Secure Multi-Party Ensemble Decision Tree Models Based on Anonymization ID

中文摘要英文摘要

集成树模型是一种高准确率、可解释性强的机器学习算法,被金融、医药等领域广泛应用。然而,不同企业与机构之间直接利用数据进行联合建模可能会导致个人隐私信息的泄露。如何运用隐私保护相关技术,安全且高效地进行集成树模型的联合建模成为工业界与学术界的研究热点。
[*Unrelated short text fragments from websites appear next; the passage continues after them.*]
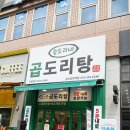 승도리네 이미지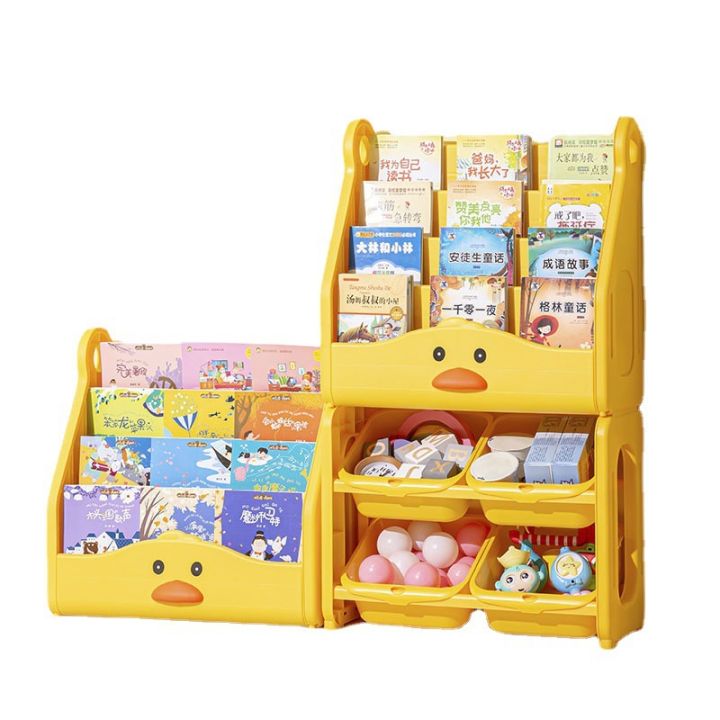 Children's%20bookshelves,%20household%20baby%20multi-layer%20picture%20book%20shelves,%20plastic%20finishing%20racks,%20toy%20shelves,%20book%20floor%20storage%20shelves%20-%20Image%205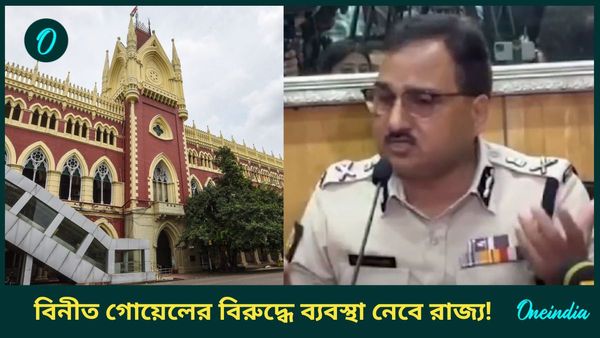 আরজি কর কাণ্ডে বিনীত গোয়েলের বিরুদ্ধে ব্যবস্থা নিতে পারবে রাজ্যই, হাইকোর্টে জানালো কেন্দ্র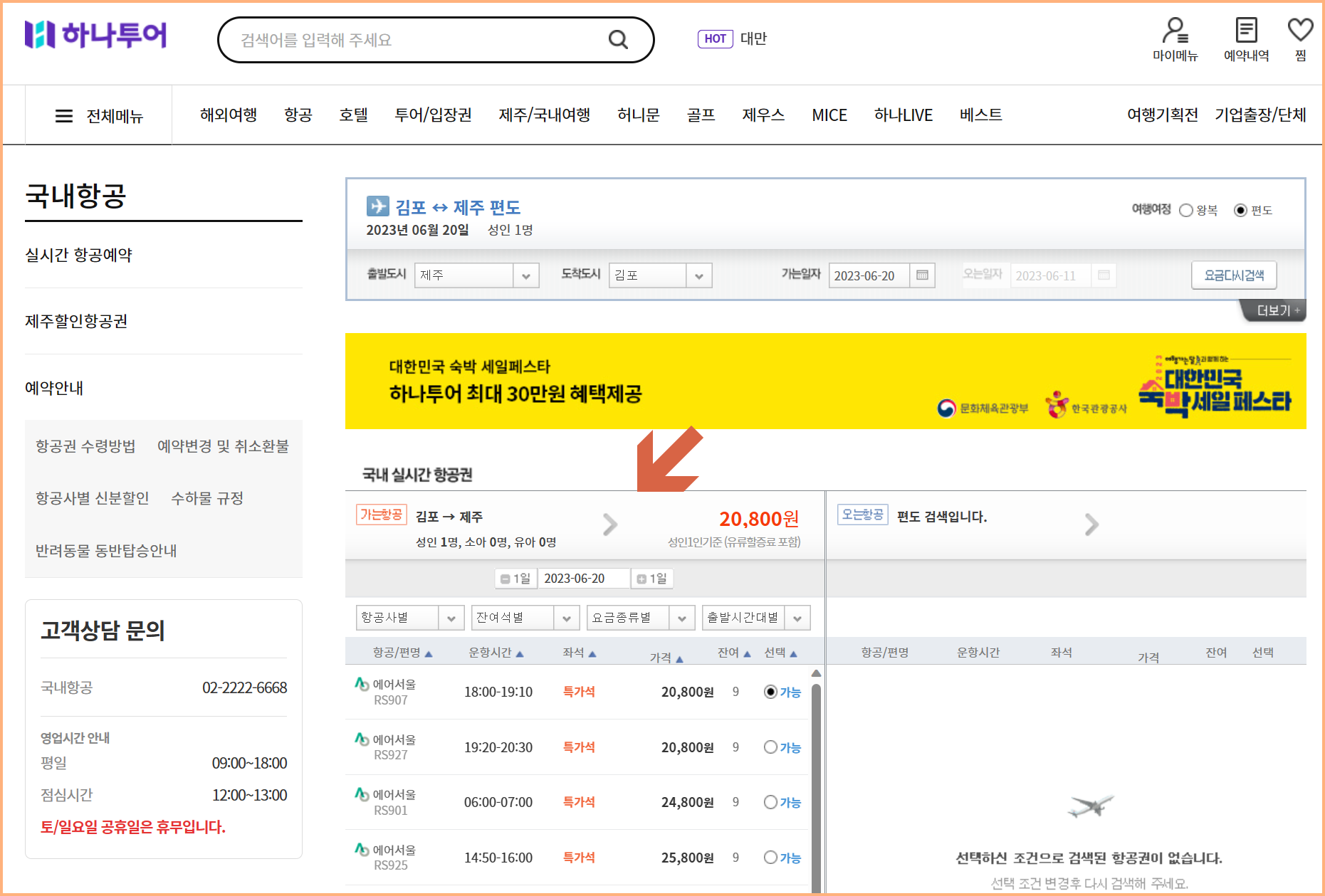 김포 제주 항공권 싸게 예매하기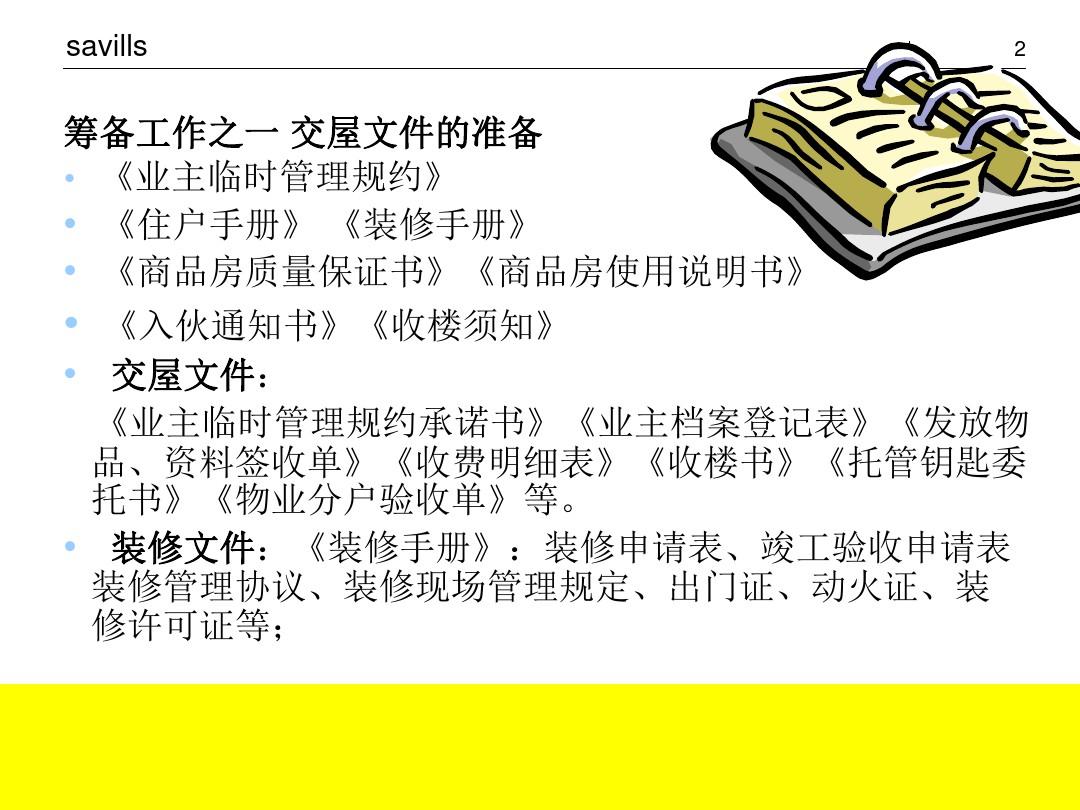 精九游体育收房流程及注意事项_精装房收房注意事项_收房验房流程及费用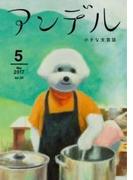 アンデル　２０１７年５月号(アンデル)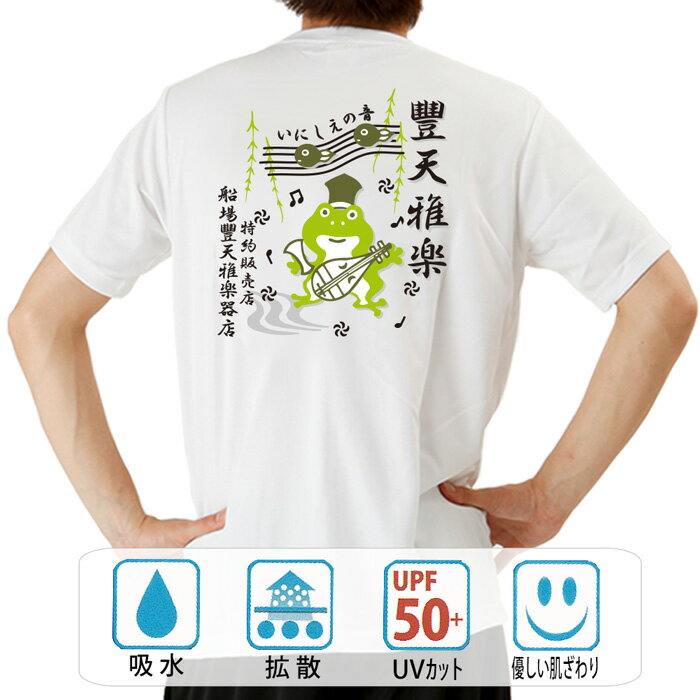 樂天商城 - おもしろ tシャツ ドライ 和柄 元祖豊天商店 かえる雅楽 半袖 ぶーでん ※ 子供 用はお取り扱いが御座いません。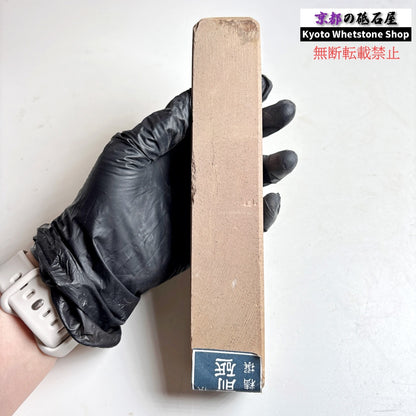 レア 565g 硬さ1  門前砥  正本山 京都 天然砥石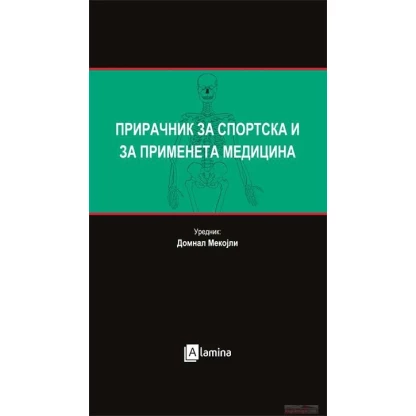 Прирачник за спортска и применета медицина Медицина Kiwi.mk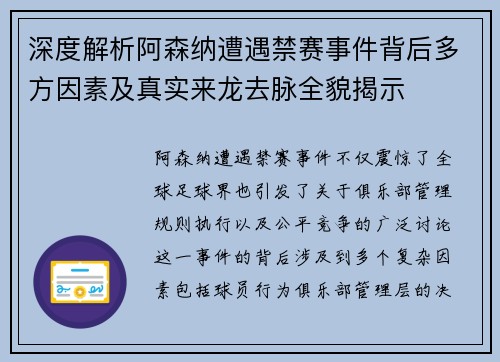 深度解析阿森纳遭遇禁赛事件背后多方因素及真实来龙去脉全貌揭示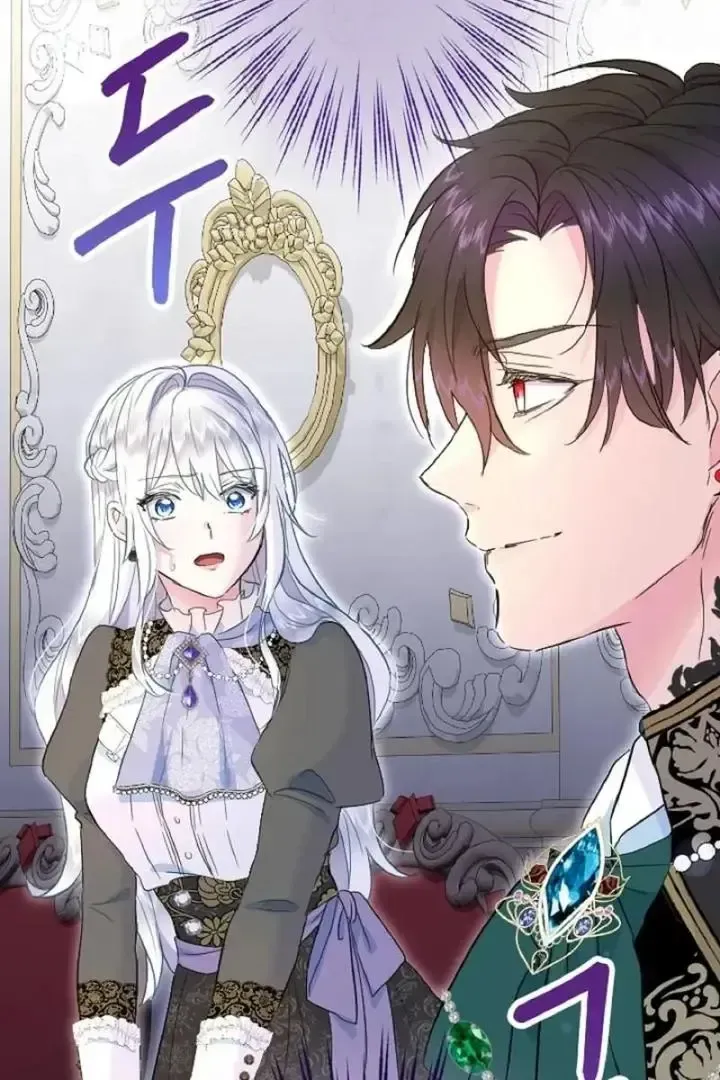 Read Forbidden Child chapter 49 image 1 on Lezhin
目前,隐私保护的集成树模型普遍采用位向量表示决策树节点的样本集合,并利用秘密分享的方式对位向量加以保护,但该方法会带来大量的运算开销。此外,信息增益函数计算过程涉及大量安全除法算子,增加模型的运算开销。针对上述问题,本文提出了一种基于匿名化样本ID的安全多方集成树模型。在该模型中,针对位向量表示方法带来大量运算开销的问题,设计基于匿名化样本ID的决策树节点表示方式;针对信息增益函数计算过程中涉及大量安全除法算子的问题,设计一种不涉及安全除法算子的信息增益函数比较算法。在公开数据集上的实验结果表明,与现有工作相比,本文所提出的模型在运行效率上有所提升,且能够取得与集中式训练相近的模型精度。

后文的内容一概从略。